Холодок бежит за ворот
В 1953 году на меня обрушилось сразу все: и смерть короля, и свидание в казенном доме, и дальняя дорога.
В этот год я заканчивала Ленинградский университет... Не видать бы мне его, не скрой я при поступлении «анкетные данные». Написала, что отец умер. Мама уговорила. Но это так мучило меня, что уже на втором курсе я пошла в комсомольское бюро и призналась в содеянном.
Ну, и исключили из университета, хотя я твердила: «Отец арестован по ошибке».
Выбежала на Университетскую набережную с криком: «Нет правды на земле!». Кто-то утешал, кто-то давал советы, а друзья скинулись на дорогу: «Поезжай в Москву, к Сталину».
И ведь поехала! Представляла себе: подойду к кремлевской стене, постучусь в дверь... Здравствуйте, товарищ Сталин!

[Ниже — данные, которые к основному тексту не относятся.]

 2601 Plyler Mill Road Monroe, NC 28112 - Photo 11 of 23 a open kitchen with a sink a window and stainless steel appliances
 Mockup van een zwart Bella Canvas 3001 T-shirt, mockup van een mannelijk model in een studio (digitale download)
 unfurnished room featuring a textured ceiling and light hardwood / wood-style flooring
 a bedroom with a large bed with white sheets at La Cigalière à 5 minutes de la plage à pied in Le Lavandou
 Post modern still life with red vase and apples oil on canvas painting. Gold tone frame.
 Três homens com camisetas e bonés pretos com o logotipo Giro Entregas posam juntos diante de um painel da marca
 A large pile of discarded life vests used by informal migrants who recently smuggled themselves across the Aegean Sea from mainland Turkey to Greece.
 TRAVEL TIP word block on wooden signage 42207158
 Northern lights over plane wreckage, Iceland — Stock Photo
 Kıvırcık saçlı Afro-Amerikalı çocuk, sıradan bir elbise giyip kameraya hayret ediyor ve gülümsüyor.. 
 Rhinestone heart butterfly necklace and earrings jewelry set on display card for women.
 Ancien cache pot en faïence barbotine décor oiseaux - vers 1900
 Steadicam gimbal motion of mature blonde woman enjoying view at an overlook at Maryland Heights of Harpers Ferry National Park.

Слава богу, хоть докарабкалась до министра народного образования. Принял так, что на обратном пути я все твердила под стук колес:
Очень я сейчас хочу
Дать по морде Жигачу.
Но в университете неожиданно восстановили. То ли задним числом Жигач ко мне проникся, то ли приложил к этому добрую руку декан филологического факультета Георгий Петрович Бердников. В душевном разговоре со мной, — видимо, в утешение, — он сказал, что и его родители арестованы в 37-м году.
Значит, уже две ошибки?!
Но и после этого моя вера в великого Сталина не пошатнулась.
В марте 1953 года известие о смерти «вождя всех времен и народов» оглушило. Король в нашем царстве-государстве был один, как одно солнце на небе. Что же теперь с нами со всеми будет?!

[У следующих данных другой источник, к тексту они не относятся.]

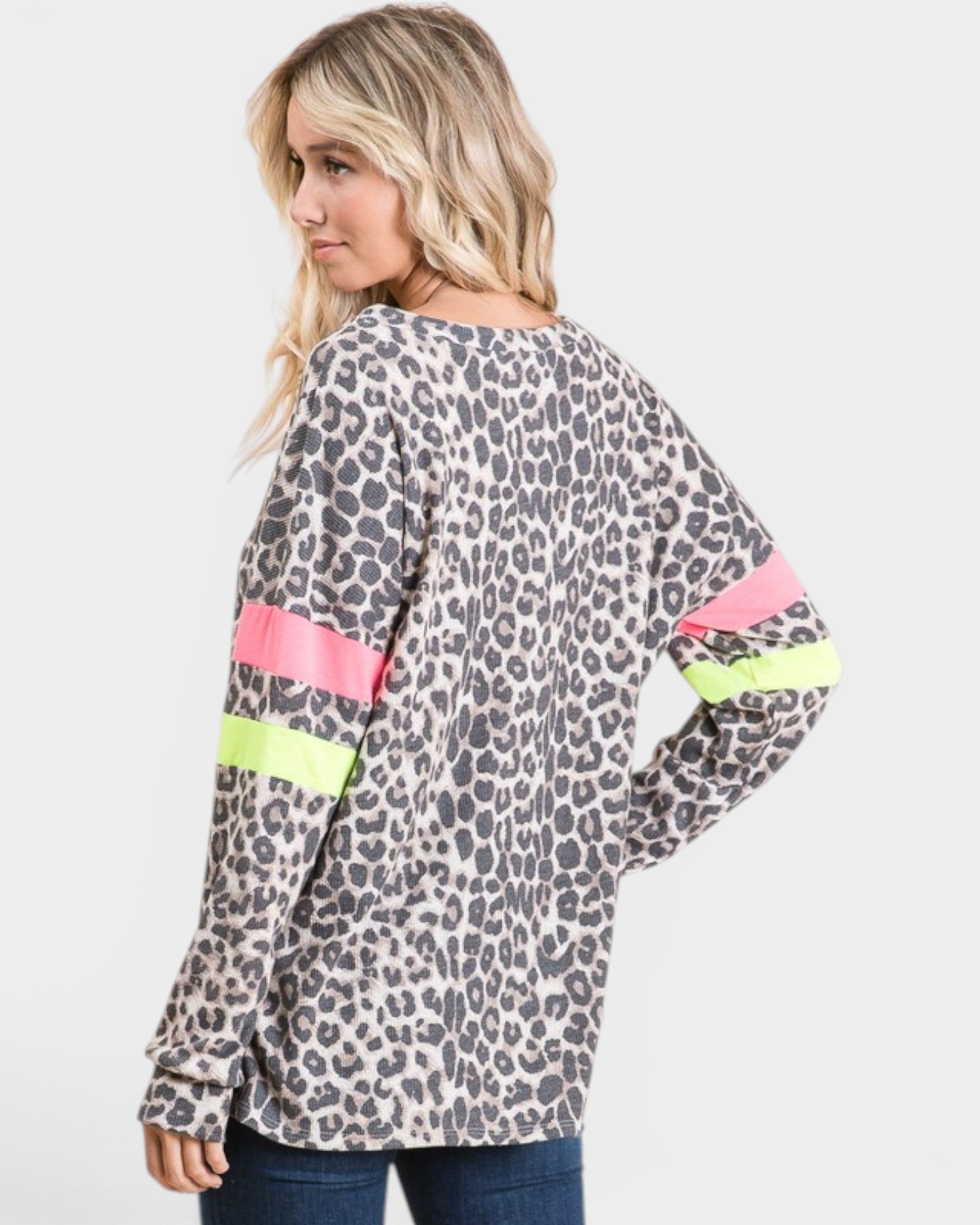 Woman wearing a leopard print top with colorful sleeves on a light gray background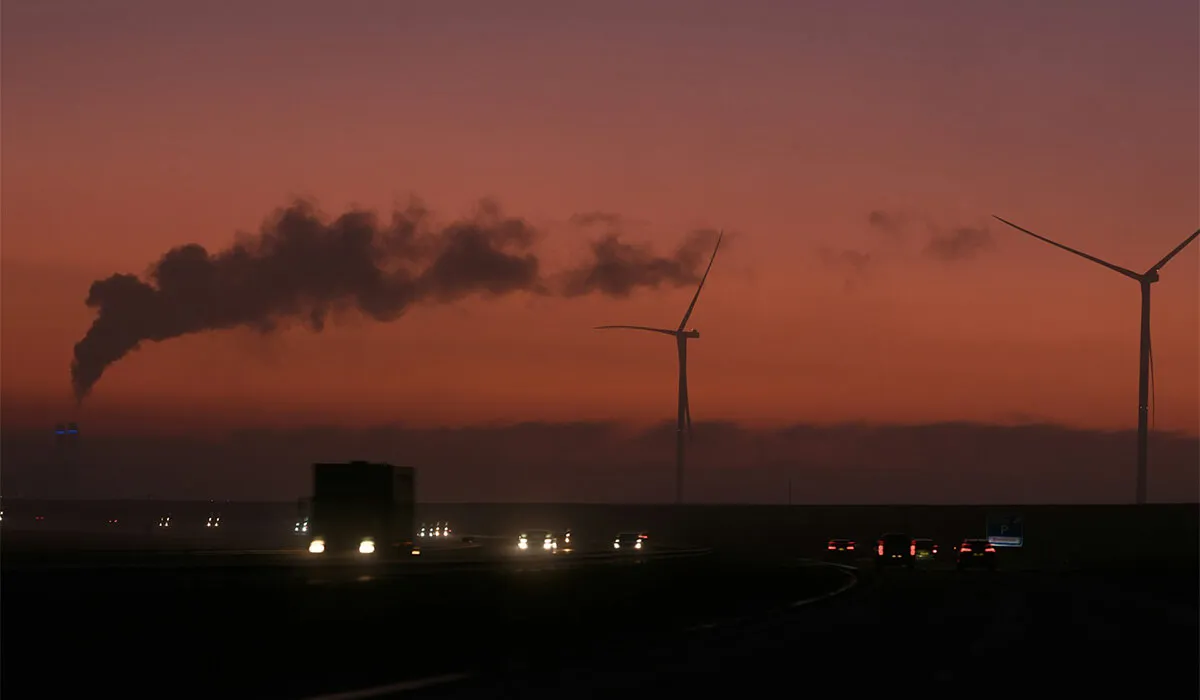 Smokestack and wind turbines at sunset. 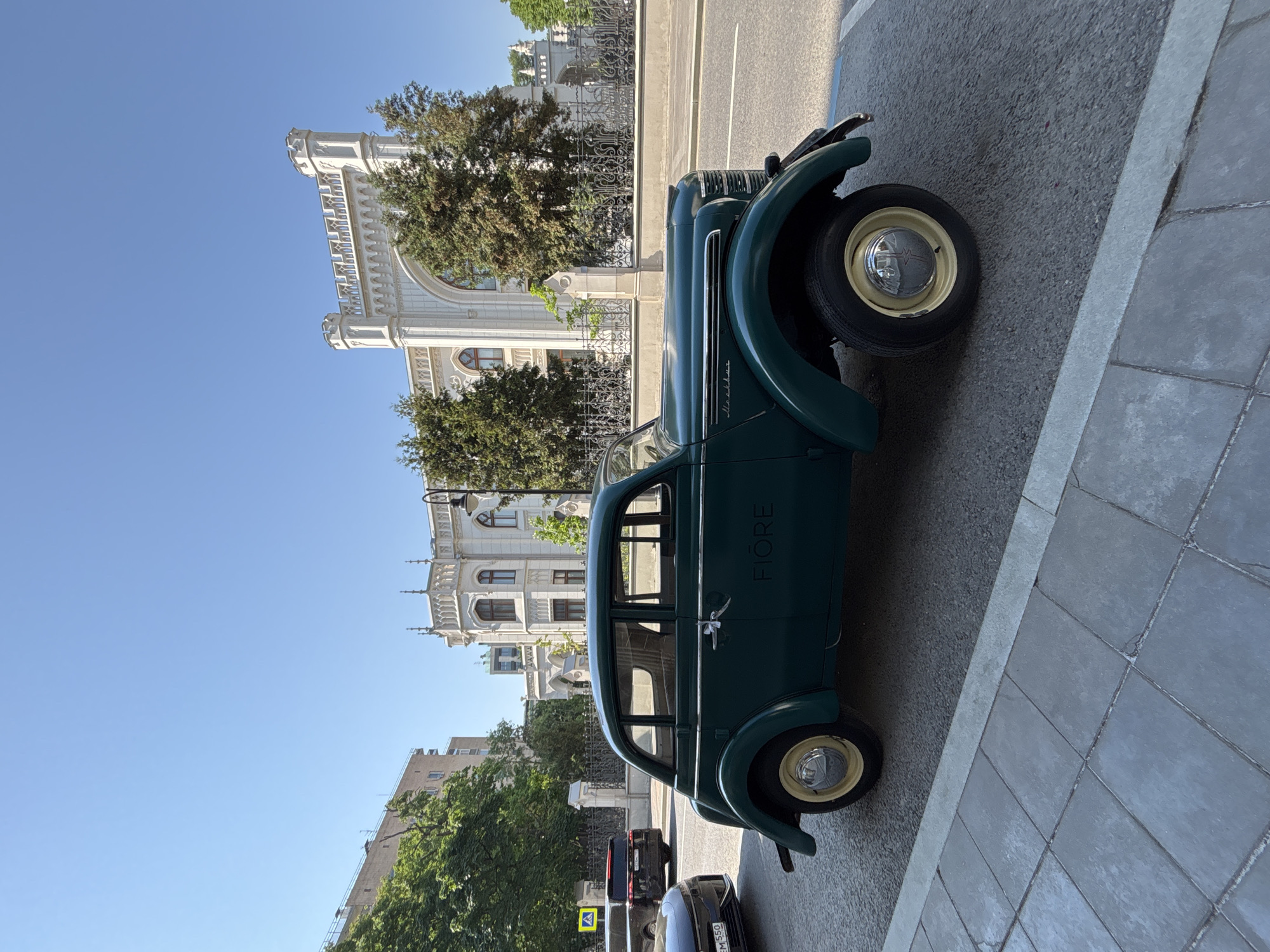 The image shows a vintage green car parked on the side of a street in Moscow, Russia. The car has the word "FIORE" painted on its side. The architectural style of the building behind the car suggests that the location may be near the State Kremlin Palace. Other cars are parked behind the vintage car. The sidewalk is paved with gray square tiles. The sky is clear and blue. The time of day appears to be during daylight hours. There are trees visible in the background.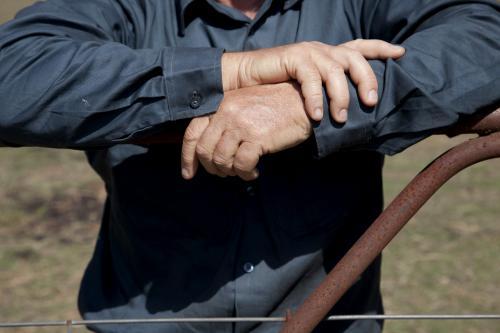 Hands of middle aged male farmer leaning on fence on rural property - Australian Stock Image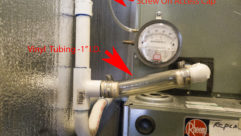 Fig. 2: A screw-on drain cap and a see-through section of tubing help guard against wet encounters caused by clogged condensate drains.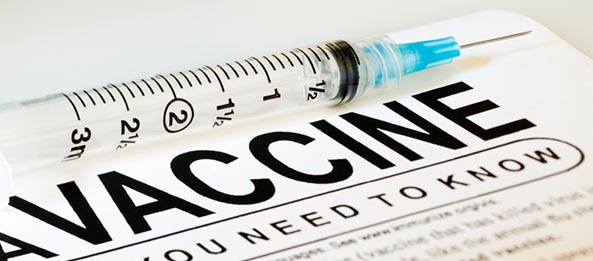 The poster of vaccine with syringe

Мы, трое студенток-подружек, решили: в Москву! Увидеть! Проститься!
Забились в вагон. Поехали. Всеми правдами и неправдами пробились в Колонный зал. И рыдали трое дурочек: Галя Кустова, Ира Свердлова и я, у которой отец народов убил родного отца.
Такой была моя вторая поездка к Сталину. Но я еще, с 38-го по 53-й год, вела с ним и оживленную переписку. Точнее — писала я ему, а отвечал мне НКВД: «Ваш отец жив, здоров, находится в Дальневосточных лагерях без права переписки». Это сейчас мы можем перевести с языка людоедского на русский: «без права переписки» — значит под расстрел. А тогда все — на веру: жив, здоров.
В 1953 я в очередной раз — и, как оказалось, в последний — отправила письмо с просьбой разобраться, пересмотреть...
И вдруг, накануне защиты диплома, уже после смерти Сталина, повестка: явиться тогда-то по адресу: Литейный, 4.
Серый дом! Так называли его родители, говорили: дойдешь до угла и мимо серого дома... Мы часто с отцом торопились в цирк к клоуну Карандашу, дяде Мише Румянцеву, тоже — мимо...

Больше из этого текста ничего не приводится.